The Chinese government officially has reversed its decision that would have required all computers sold in the country to include filtering software.
Li Yizhong, China's minister of industry and information technology, announced Thursday that the so-called Green Dam software would only need to be installed on PCs in public places, such as schools and internet cafes.
At the end of June, the government said it was delaying
the July 1 deadline for all computers sold in China to include the software. Thursday's announcement appears to have made that delay permanent.
The government has said the software is intended to censor pornography, but critics worry it also enables political censorship and may permit the monitoring of users' systems. University researchers also have determined
that Green Dam contains security vulnerabilities.

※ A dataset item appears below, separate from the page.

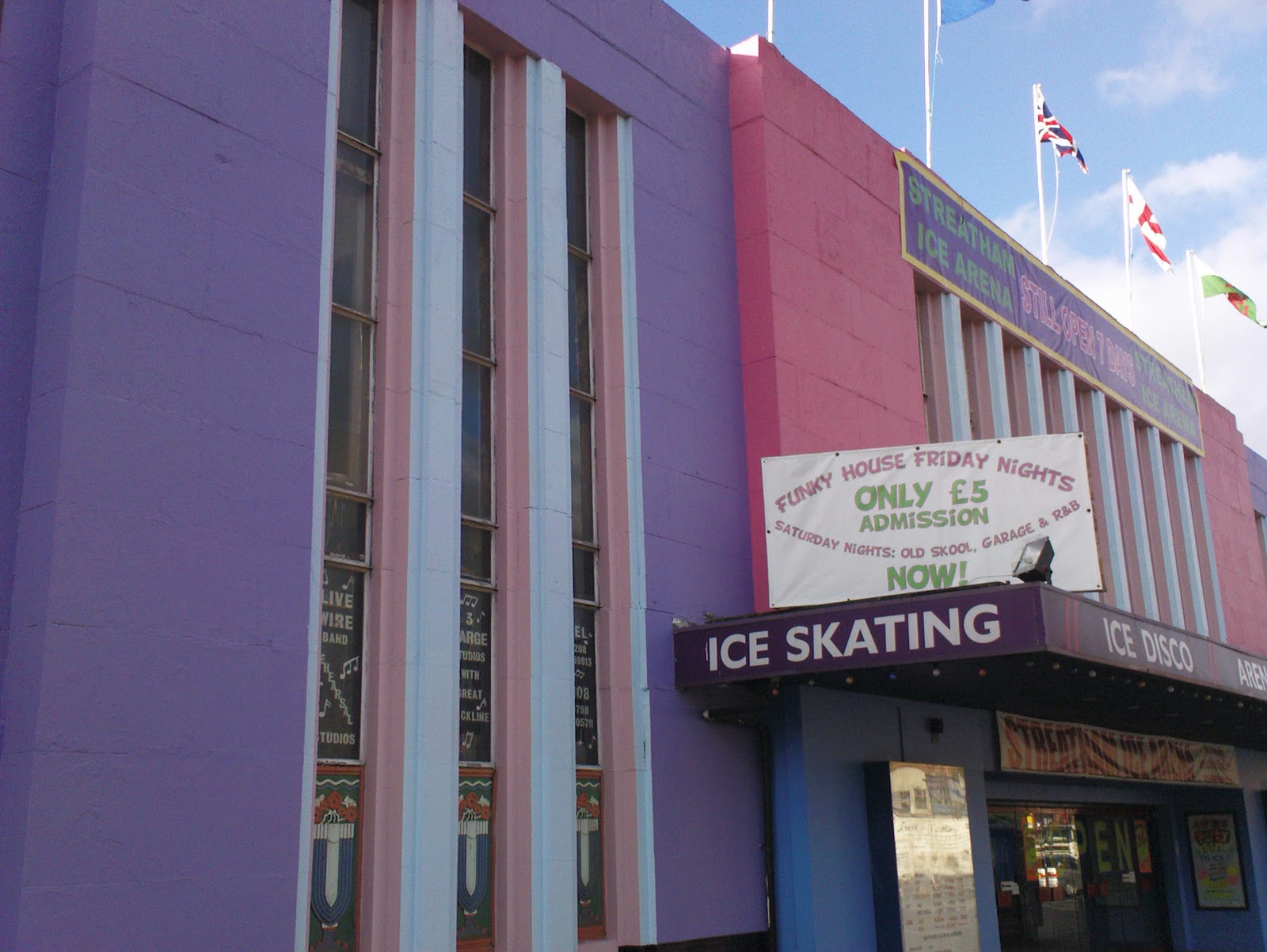 Iskate Streatham ice arena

Tom Kelchner, a research center manager at Sunbelt Software, which makes anti-virus solutions, said his company flagged the Green Dam software as malicious.
“In the middle of June, we labeled it spyware,” he told SCMagazineUS.com on Thursday. “From our point-of-view, it was a bad piece of software because it had the ability to monitor keystrokes and log URLs that users intended to reach.”
In addition, Kelchner said, the software permits data to pass unencrypted between client and server and can shut down applications. The program also is vulnerable to compromise, and public exploit code has been published.
The United State had warned the Chinese government that the requirement, first announced in May, could violate free trade agreements. Li called the now-scrapped regulations a "misunderstanding," according to reports.